From 900daec24ee7f2e90ac63b0d350e7f223a5bcded Mon Sep 17 00:00:00 2001
From: Nicolas Patry <patry.nicolas@protonmail.com>
Date: Mon, 15 Feb 2021 12:22:45 +0100
Subject: [PATCH] Fixing NER pipeline for list inputs. (#10184)

Fixes #10168
---
 .../pipelines/token_classification.py         | 13 ++--
 tests/test_pipelines_ner.py                   | 67 ++++++++++++++-----
 2 files changed, 60 insertions(+), 20 deletions(-)

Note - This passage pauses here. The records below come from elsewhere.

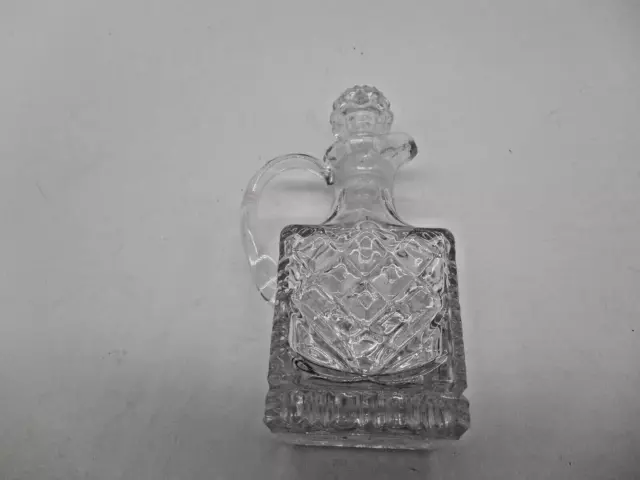 Pretty Square shaped Cut Crystal 6.5" Handled Cruet with Stopper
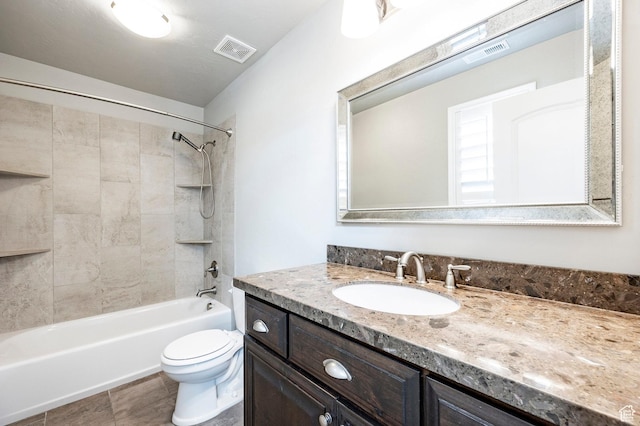 1309 W Atrium Ct W, Farmington, UT 84025 - bathroom with toilet, vanity, and washtub / shower combination
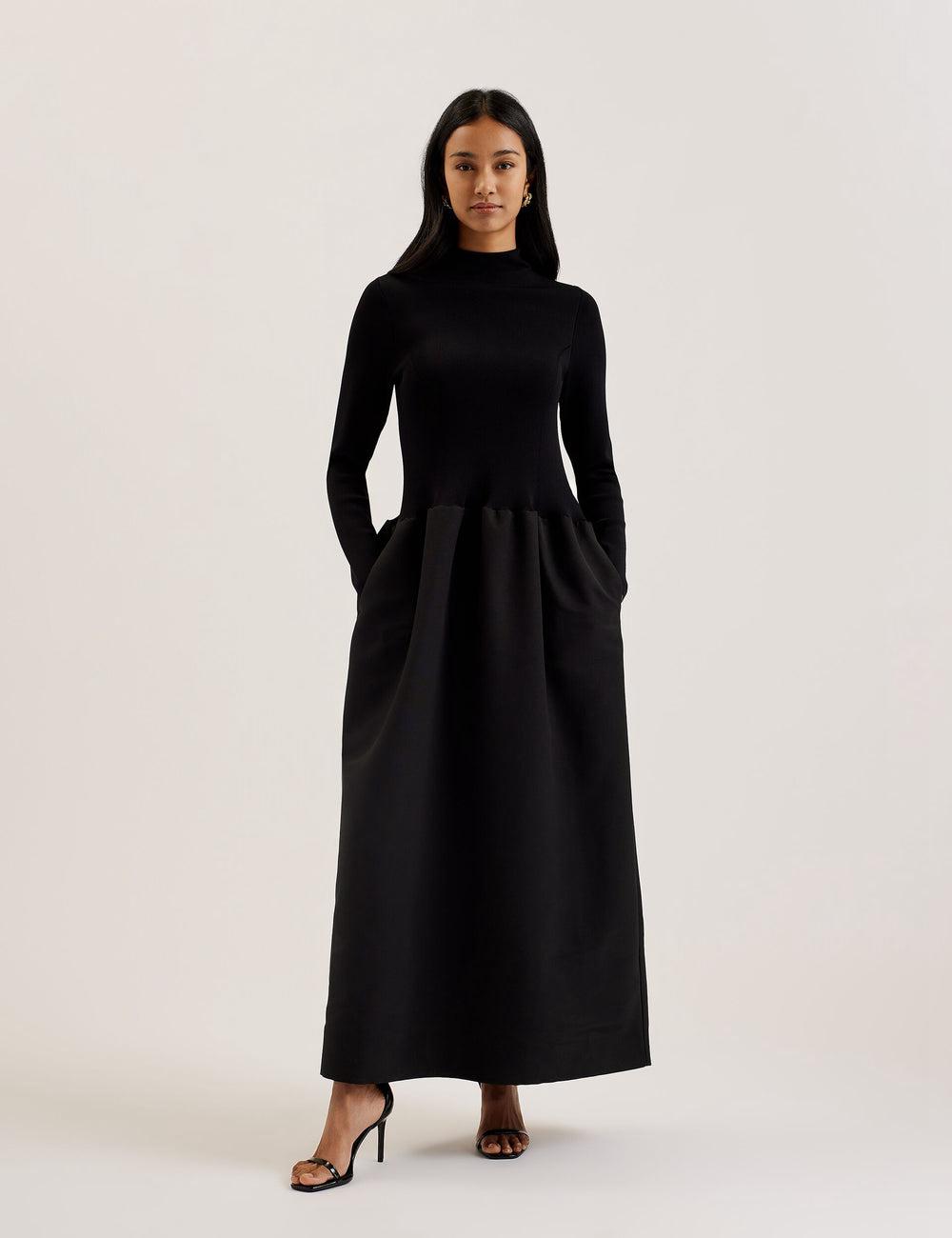 Ted Baker PYLIA - Structured With Knitted Bodice Maxi Jurk Dames Zwart | Belgium  906532-SMK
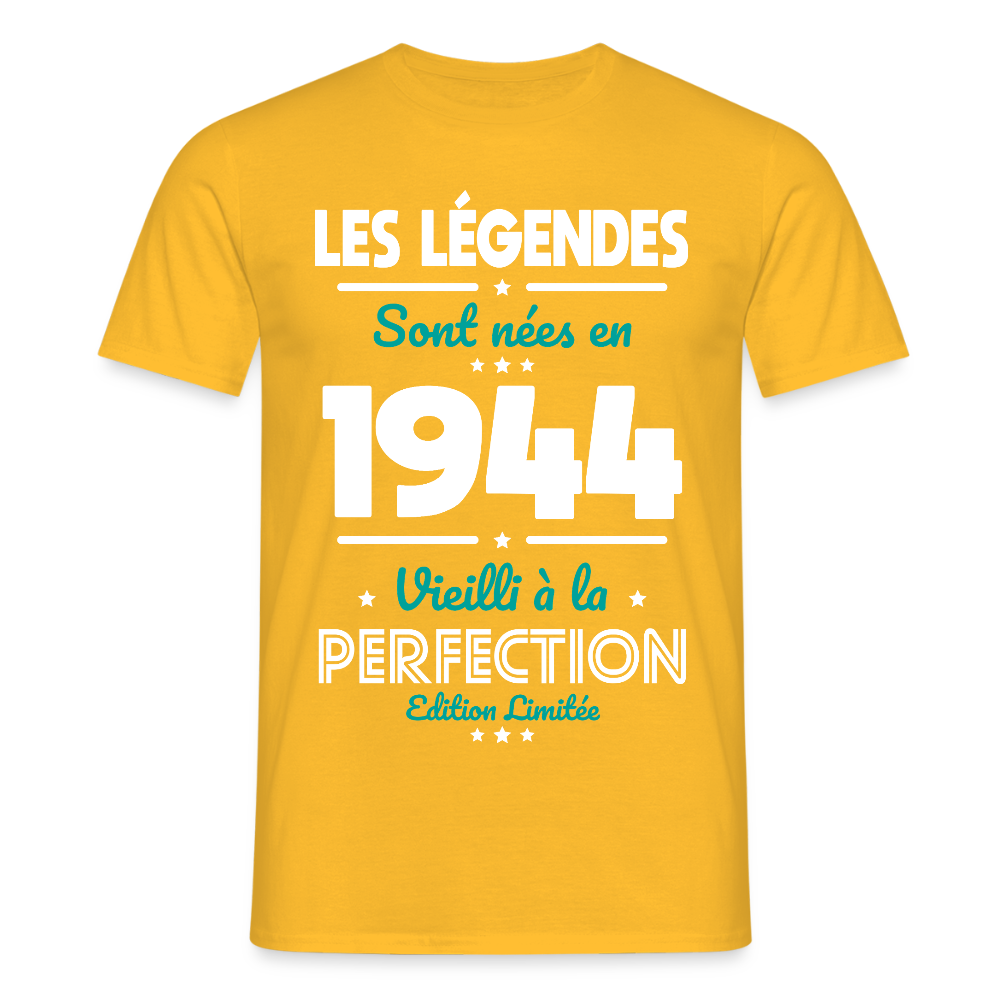 T-shirt Homme - Anniversaire 81 Ans - Les Légendes sont nées en 1944 - jaune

diff --git a/src/transformers/pipelines/token_classification.py b/src/transformers/pipelines/token_classification.py
index 5dce3402cd..d9431c0cb7 100644
--- a/src/transformers/pipelines/token_classification.py
+++ b/src/transformers/pipelines/token_classification.py
@@ -28,11 +28,14 @@ class TokenClassificationArgumentHandler(ArgumentHandler):
     Handles arguments for token classification.
     """
 
-    def __call__(self, *args, **kwargs):
+    def __call__(self, inputs: Union[str, List[str]], **kwargs):
 
-        if args is not None and len(args) > 0:
-            inputs = list(args)
+        if inputs is not None and isinstance(inputs, (list, tuple)) and len(inputs) > 0:
+            inputs = list(inputs)
             batch_size = len(inputs)
+        elif isinstance(inputs, str):
+            inputs = [inputs]
+            batch_size = 1
         else:
             raise ValueError("At least one input is required.")
 
@@ -137,11 +140,11 @@ class TokenClassificationPipeline(Pipeline):
               Only exists if the offsets are available within the tokenizer
         """
 
-        inputs, offset_mappings = self._args_parser(inputs, **kwargs)
+        _inputs, offset_mappings = self._args_parser(inputs, **kwargs)
 
         answers = []
 
-        for i, sentence in enumerate(inputs):
+        for i, sentence in enumerate(_inputs):
 
             # Manage correct placement of the tensors
             with self.device_placement():
diff --git a/tests/test_pipelines_ner.py b/tests/test_pipelines_ner.py
index 9e21456a63..c7b8171ef2 100644
--- a/tests/test_pipelines_ner.py
+++ b/tests/test_pipelines_ner.py
@@ -14,14 +14,17 @@
 
 import unittest
 
-from transformers import AutoTokenizer, pipeline
+from transformers import AutoTokenizer, is_torch_available, pipeline
 from transformers.pipelines import Pipeline, TokenClassificationArgumentHandler
 from transformers.testing_utils import require_tf, require_torch, slow
 
 from .test_pipelines_common import CustomInputPipelineCommonMixin
 
 
-VALID_INPUTS = ["A simple string", ["list of strings"]]
+if is_torch_available():
+    import numpy as np
+
+VALID_INPUTS = ["A simple string", ["list of strings", "A simple string that is quite a bit longer"]]
 
 
 class NerPipelineTests(CustomInputPipelineCommonMixin, unittest.TestCase):
@@ -334,17 +337,26 @@ class NerPipelineTests(CustomInputPipelineCommonMixin, unittest.TestCase):
     @require_torch
     def test_simple(self):
         nlp = pipeline(task="ner", model="dslim/bert-base-NER", grouped_entities=True)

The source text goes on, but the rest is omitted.